Minutes into Thursday's forum for Madison mayoral candidates, moderator John Nichols issued a directive. "This is not," he warned, "going to be a Soglin-Cieslewicz debate."
But, as it turned out, two of the other three candidates at the event in downtown Madison didn't put up much of a fight.
"About 12-15% of the population votes in municipal elections here in Madison," admitted candidate Nick Hart, "and more than likely they'll split the majority between Mayor Dave and Paul Soglin."
While Hart, a former comedian, said he was "just trying to get more people involved and change the voting dynamic." Meanwhile, candidate Dennis de Nure conceded his was "not a serious candidacy," intended only to promote his "Museum Mile" proposal.
This left construction supervisor and self-proclaimed "reform candidate" John Blotz to do serious battle with former mayor Soglin and incumbent Cieslewicz before a group of citizens packing Capitol Lakes' Grand Hall. He accused Cieslewicz of "fostering a culture of intimidation" and poorly managing public employees.
"Our citizen committees and our professional public employees ... should be able to do as they see fit without fear of retaliation, of bullying," said Blotz. "We need honesty and integrity in government."
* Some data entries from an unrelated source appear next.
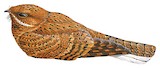 Plain Nightjar Illustration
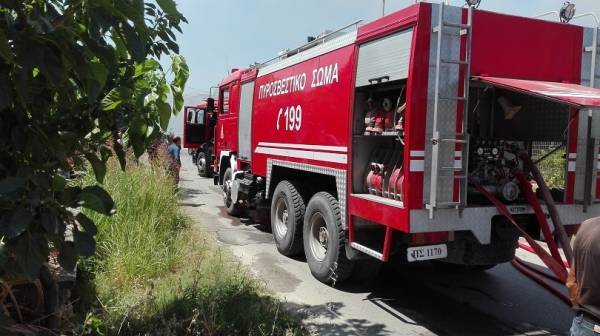 Πυρκαγιά σε δασική έκταση στην Ηλεία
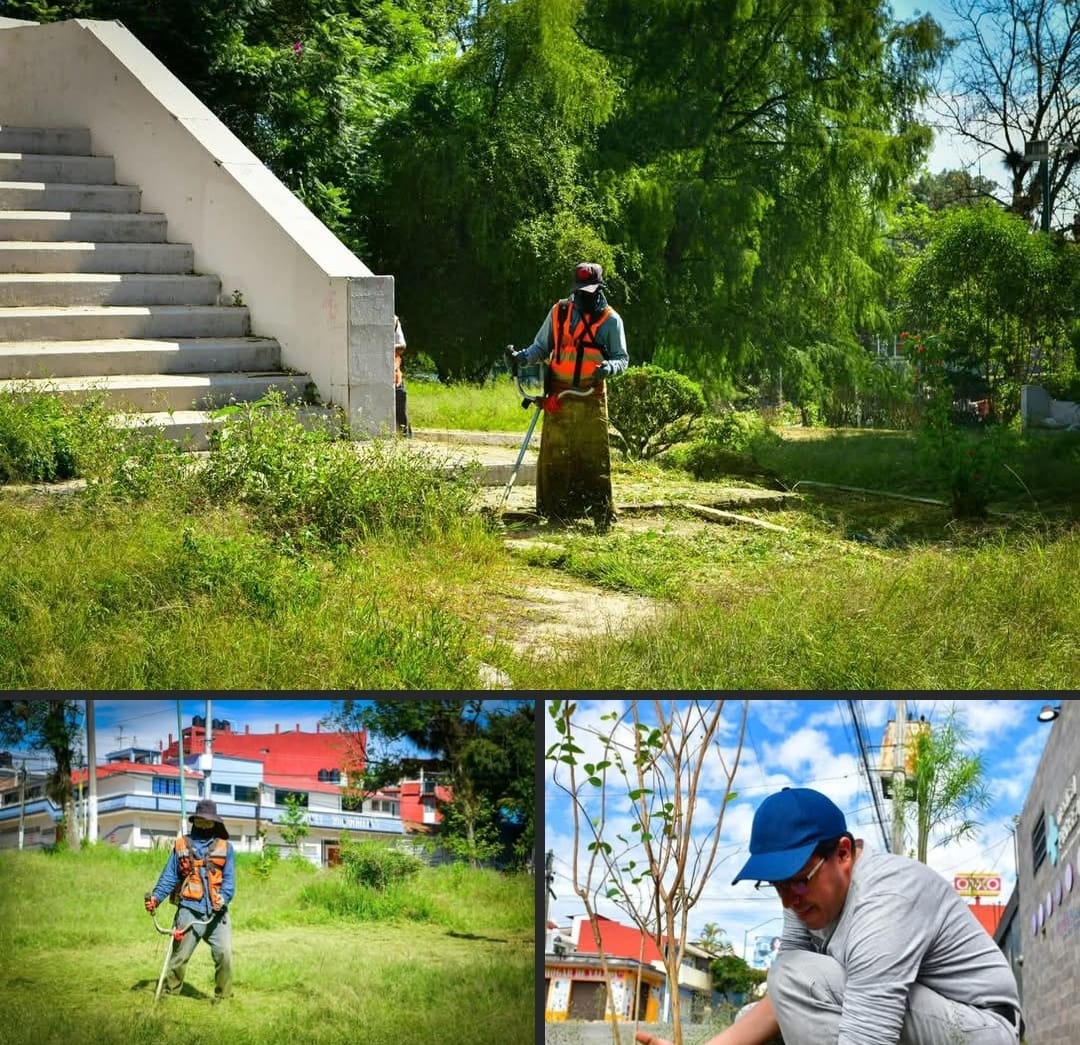 JORNADA COMUNITARIA DE MANTENIMIENTO DE AREAS VERDE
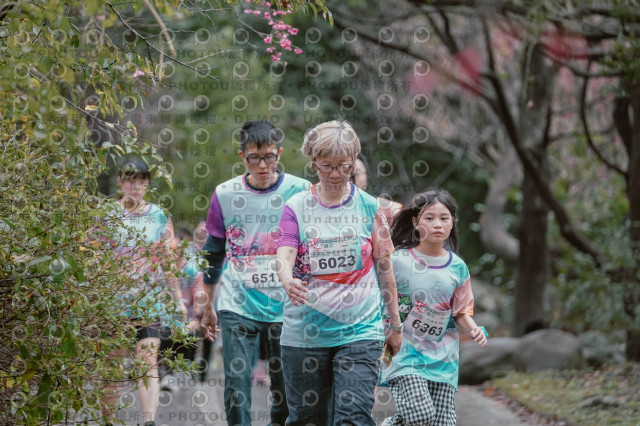 2026左岸竹東櫻花馬拉松Zhudong Sakura Marathon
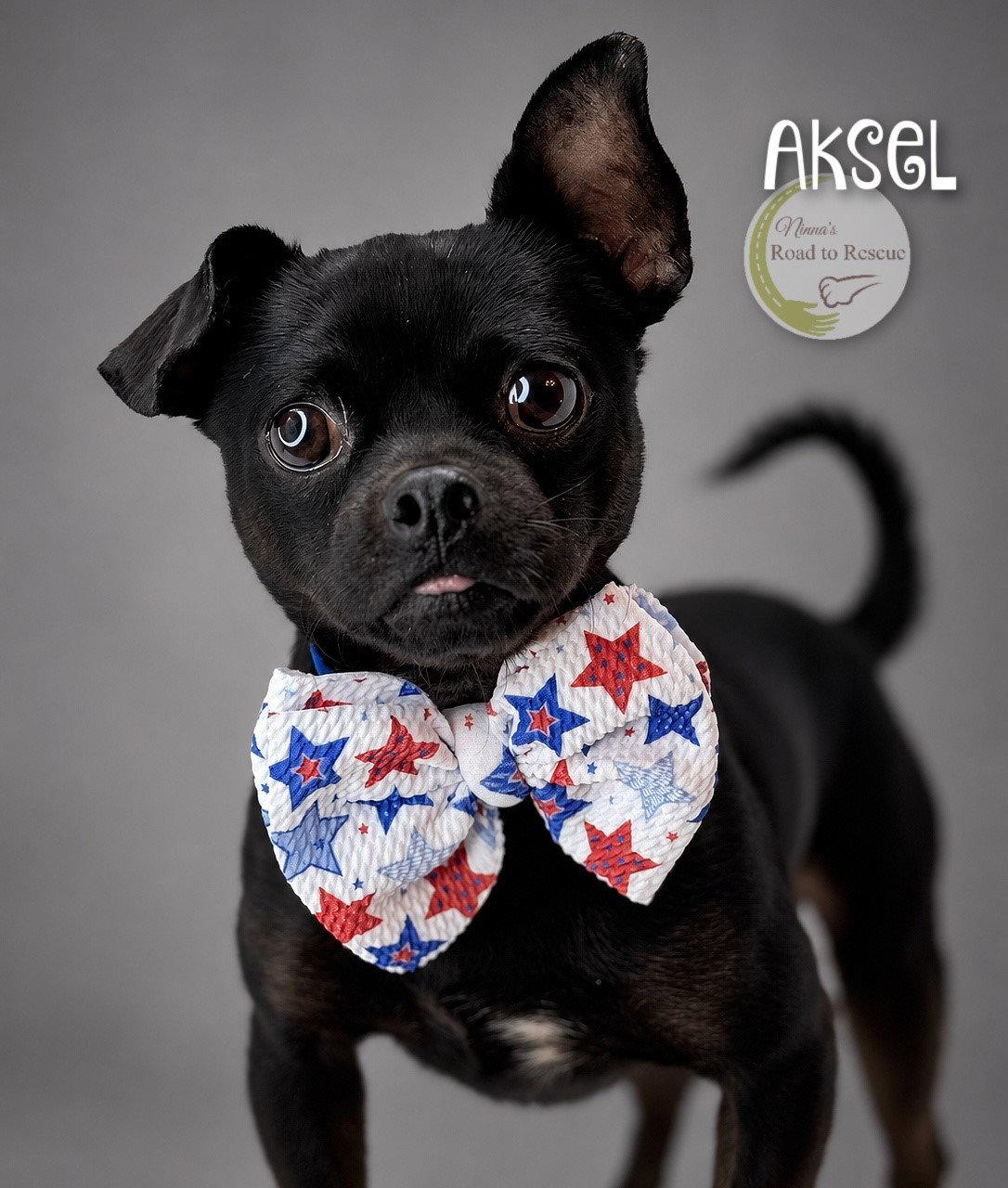 Enlarge Aksel, a Adoptable mixed breed in Benton, LA image 2/2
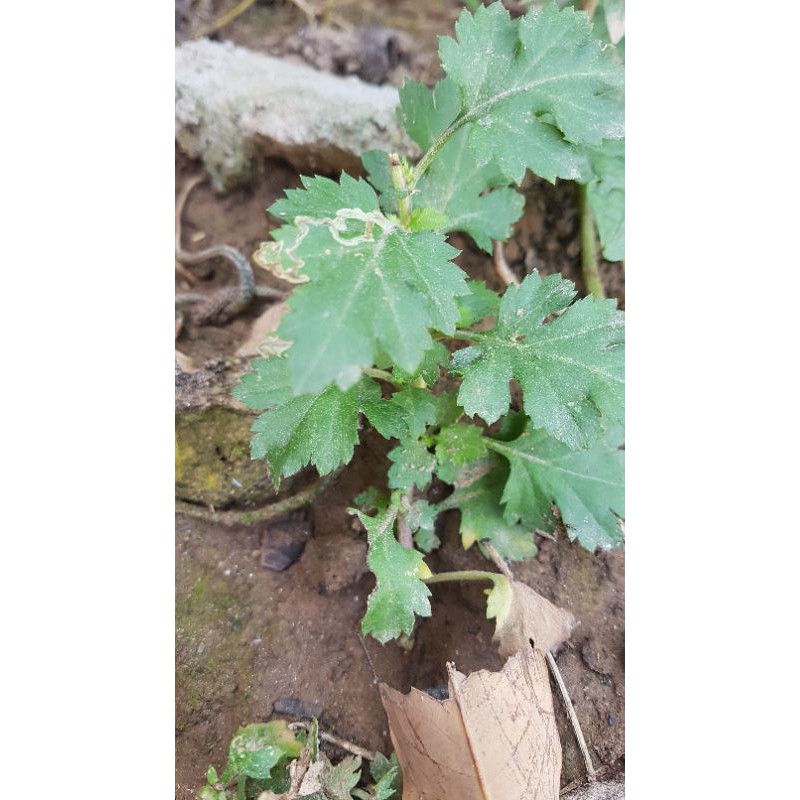 Cây hoa cúc chi làm trà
Cieslewicz disputed these charges, as well as defending himself on the Edgewater Hotel expansion and the upcoming public market project on the government East ramp. And he bemoaned the loss of high-speed rail, calling it a "tremendous mistake of tragic and historic proportions," earning himself a round of applause.
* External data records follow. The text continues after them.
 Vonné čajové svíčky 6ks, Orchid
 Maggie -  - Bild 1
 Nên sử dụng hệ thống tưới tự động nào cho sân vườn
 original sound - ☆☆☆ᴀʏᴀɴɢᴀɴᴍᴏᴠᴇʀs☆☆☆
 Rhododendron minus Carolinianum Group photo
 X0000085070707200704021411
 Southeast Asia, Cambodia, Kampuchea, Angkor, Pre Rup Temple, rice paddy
"[Gov. Scott] Walker took us from the top of the list [for high speed rail] and put us at the bottom... but you know what? There's still a list, and we're working our way back up," said Cieslewicz."Some day, we will get high-speed transportation."
Cieslewicz outlined his vision for a public market and underground parking space at the site where the high-speed depot would have gone, dubbing it a "great public amenity."
De Nure suggested that a public market might steal business from businesses like Willy Street Co-Op or Fresh Market. Hart's big idea was that Madison legalize and tax the sale of cannabis and begin large-scale hemp production.
Soglin said the public market's future depended on whether the city could first face up to its existing debts: "My commitment to the market depends on the level of borrowing, debt increase."
Cieslewicz fired back, saying the issue of debt wasn't a new one and that this is the time to "get bullish about borrowing," given current low interest rates.
Despite being largely on the defensive on this and other issues, Mayor Dave sought to cast himself as the city's defender.
"What's going on down the street is nothing less than an assault on our modern economy," he said of the new power structure at the Capitol. "One reason I'm excited for this campaign is the opportunity to make the case against [Walker]."
Soglin framed it differently: "We're entering a new era. We're entering a complicated era. We're entering an era where we're not sure of the state government."
The former mayor noted that, during his terms, Gov. Tommy Thompson represented an opposing party, yet Soglin still managed to put through projects including Monona Terrace and University Research Park.
Cieslewicz, in turn, said of Soglin, "We'll compare records and we'll talk about history and all that's fine... but a campaign is really about the future. It's about who you think has the best ideas and the energy and the ability to address the problem the city's going to face."